Bakan Bayraktar'a, geçtiğimiz günlerde ABD'nin Ankara Büyükelçisi ve Suriye Özel Temsilcisi Tom Barrack ile yaptığı görüşmenin detayları sorulduğunda, gündemin oldukça yoğun olduğu anlaşıldı. Özellikle, "Yeni bir LNG anlaşması gelir mi?" sorusuna verdiği yanıt, piyasalarda heyecan yarattı. Bayraktar, "Özellikle, halen de devam ettiği için uzun dönemli LNG kontratları önemli. Bunlar çok hızlı somuta dönebilecek şeyler. Yeni bir LNG anlaşması olabilir" ifadelerini kullandı.
Bu açıklama, spot piyasanın anlık fiyat dalgalanmalarından etkilenen kısa vadeli alımlar yerine, 10-15 yıl gibi uzun bir süreyi kapsayan, fiyat ve miktar garantisi sunan kalıcı bir anlaşmanın masada olduğunu gösteriyor. ABD, kaya gazı devrimiyle birlikte dünyanın en büyük LNG ihracatçılarından biri haline gelmişti. Türkiye'nin, bu dev tedarikçi ile uzun dönemli bir kontrat yapması, kış aylarında yaşanan arz sıkıntısı ve fiyat artışı risklerine karşı stratejik bir kalkan oluşturacak. Bu hamle, aynı zamanda, Rusya-Ukrayna savaşı sonrası Avrupa'nın Rus gazına olan bağımlılığını azaltma çabalarıyla paralel olarak, Türkiye'nin de kendi enerji sepetini Batılı kaynaklarla çeşitlendirme arzusunu ortaya koyuyor.
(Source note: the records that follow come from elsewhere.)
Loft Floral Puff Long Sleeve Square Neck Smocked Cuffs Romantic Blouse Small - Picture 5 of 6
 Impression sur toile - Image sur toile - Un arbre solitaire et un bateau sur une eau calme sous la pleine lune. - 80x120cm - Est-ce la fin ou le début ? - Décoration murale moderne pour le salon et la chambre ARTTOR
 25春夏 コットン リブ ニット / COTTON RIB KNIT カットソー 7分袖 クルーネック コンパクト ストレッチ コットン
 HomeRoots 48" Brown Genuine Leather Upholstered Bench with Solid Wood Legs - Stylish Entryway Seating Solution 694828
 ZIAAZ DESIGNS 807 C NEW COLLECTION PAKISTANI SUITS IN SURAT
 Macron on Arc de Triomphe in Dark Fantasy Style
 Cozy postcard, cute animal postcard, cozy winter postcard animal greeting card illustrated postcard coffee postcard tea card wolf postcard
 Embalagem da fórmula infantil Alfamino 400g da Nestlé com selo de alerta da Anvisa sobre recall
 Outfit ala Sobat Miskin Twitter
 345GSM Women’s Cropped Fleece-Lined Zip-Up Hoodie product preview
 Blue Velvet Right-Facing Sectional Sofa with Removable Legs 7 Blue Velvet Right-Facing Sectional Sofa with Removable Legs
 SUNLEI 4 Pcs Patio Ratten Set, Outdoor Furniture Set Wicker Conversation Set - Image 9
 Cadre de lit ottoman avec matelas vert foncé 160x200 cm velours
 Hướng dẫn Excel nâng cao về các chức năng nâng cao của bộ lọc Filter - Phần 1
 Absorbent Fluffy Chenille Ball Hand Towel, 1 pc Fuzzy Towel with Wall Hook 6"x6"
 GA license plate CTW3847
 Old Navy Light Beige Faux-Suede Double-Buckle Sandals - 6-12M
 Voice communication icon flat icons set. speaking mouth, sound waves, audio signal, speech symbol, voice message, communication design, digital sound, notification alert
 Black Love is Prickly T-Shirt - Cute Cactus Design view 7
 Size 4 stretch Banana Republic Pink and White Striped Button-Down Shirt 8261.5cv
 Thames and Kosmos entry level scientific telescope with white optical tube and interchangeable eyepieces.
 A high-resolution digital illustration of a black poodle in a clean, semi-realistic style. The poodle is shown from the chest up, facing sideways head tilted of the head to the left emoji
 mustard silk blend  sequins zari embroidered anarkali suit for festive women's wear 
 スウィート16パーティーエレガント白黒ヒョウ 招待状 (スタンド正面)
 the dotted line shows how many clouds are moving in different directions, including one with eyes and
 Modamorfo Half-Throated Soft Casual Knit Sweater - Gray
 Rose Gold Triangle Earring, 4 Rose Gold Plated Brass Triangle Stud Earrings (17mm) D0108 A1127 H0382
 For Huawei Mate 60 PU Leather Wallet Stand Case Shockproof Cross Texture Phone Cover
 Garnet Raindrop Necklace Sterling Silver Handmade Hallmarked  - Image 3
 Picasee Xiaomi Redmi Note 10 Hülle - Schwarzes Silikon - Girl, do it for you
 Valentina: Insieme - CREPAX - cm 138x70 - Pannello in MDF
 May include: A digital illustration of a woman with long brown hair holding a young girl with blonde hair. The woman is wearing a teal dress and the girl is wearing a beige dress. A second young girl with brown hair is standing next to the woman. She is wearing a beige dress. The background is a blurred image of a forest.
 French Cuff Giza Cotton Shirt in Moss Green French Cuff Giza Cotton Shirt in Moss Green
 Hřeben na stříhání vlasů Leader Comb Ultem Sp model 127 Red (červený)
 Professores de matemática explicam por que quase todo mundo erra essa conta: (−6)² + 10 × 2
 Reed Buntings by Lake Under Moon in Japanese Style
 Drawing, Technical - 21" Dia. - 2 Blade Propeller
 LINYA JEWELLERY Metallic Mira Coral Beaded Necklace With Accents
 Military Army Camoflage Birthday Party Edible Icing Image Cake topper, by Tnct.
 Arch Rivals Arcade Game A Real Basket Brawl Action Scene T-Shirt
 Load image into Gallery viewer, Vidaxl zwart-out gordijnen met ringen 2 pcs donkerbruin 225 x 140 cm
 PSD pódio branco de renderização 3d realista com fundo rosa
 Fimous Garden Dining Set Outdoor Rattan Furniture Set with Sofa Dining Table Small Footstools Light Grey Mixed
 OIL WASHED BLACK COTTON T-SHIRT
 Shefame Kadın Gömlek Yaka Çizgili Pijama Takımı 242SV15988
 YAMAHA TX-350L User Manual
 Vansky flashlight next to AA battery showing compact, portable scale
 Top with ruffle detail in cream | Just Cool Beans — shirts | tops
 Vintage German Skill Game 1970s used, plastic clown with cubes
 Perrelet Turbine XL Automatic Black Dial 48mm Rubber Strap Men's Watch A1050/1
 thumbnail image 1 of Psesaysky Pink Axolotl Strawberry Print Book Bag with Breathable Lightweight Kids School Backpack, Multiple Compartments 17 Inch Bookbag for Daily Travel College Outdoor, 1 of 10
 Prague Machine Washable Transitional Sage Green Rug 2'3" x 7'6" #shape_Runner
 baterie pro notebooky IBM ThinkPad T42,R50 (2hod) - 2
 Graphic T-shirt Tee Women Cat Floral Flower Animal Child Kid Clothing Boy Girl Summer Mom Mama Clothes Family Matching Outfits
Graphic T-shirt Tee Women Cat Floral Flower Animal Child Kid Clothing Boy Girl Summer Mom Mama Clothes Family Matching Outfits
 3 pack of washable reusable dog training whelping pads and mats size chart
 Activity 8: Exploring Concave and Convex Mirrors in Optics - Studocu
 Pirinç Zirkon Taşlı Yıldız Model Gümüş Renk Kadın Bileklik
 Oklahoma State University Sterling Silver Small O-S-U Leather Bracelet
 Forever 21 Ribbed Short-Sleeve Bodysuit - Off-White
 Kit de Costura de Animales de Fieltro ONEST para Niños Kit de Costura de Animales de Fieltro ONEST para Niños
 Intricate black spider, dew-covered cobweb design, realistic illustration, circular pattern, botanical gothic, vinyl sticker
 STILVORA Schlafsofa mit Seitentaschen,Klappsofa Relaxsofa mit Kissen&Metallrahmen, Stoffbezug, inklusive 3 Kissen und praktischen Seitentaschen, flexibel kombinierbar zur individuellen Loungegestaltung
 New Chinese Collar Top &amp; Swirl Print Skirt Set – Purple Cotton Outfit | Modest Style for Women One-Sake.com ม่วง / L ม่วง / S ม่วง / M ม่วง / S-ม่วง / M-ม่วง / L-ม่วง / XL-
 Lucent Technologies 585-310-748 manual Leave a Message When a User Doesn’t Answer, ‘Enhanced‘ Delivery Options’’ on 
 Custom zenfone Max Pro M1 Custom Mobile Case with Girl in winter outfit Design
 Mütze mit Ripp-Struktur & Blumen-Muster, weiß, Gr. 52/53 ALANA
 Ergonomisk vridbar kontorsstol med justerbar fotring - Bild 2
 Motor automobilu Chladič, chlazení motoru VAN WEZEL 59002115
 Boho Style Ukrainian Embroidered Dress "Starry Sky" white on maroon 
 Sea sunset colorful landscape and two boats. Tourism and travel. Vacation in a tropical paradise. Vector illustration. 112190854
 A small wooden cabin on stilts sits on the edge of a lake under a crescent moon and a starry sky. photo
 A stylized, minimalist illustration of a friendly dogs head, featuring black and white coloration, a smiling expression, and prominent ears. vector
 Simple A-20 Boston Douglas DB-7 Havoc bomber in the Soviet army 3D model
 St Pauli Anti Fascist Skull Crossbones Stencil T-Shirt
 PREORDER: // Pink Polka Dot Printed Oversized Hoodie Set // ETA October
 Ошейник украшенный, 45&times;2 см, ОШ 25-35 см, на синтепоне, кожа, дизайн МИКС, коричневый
Sadece gaz değil: karadeniz ve akdeniz'de ortak petrol arama gündemde
Bakan Alparslan Bayraktar'ın açıklamaları, ABD ile enerji iş birliğinin sadece LNG ticaretiyle sınırlı kalmayacağını, çok daha derin ve teknolojik bir ortaklığı da kapsadığını gösterdi. Bakan, petrol ve doğal gazda "ortak arama" faaliyetlerinin de gündemde olduğunu belirterek, Türkiye'nin hidrokarbon arama çalışmalarında yeni bir dönemin kapısını araladı.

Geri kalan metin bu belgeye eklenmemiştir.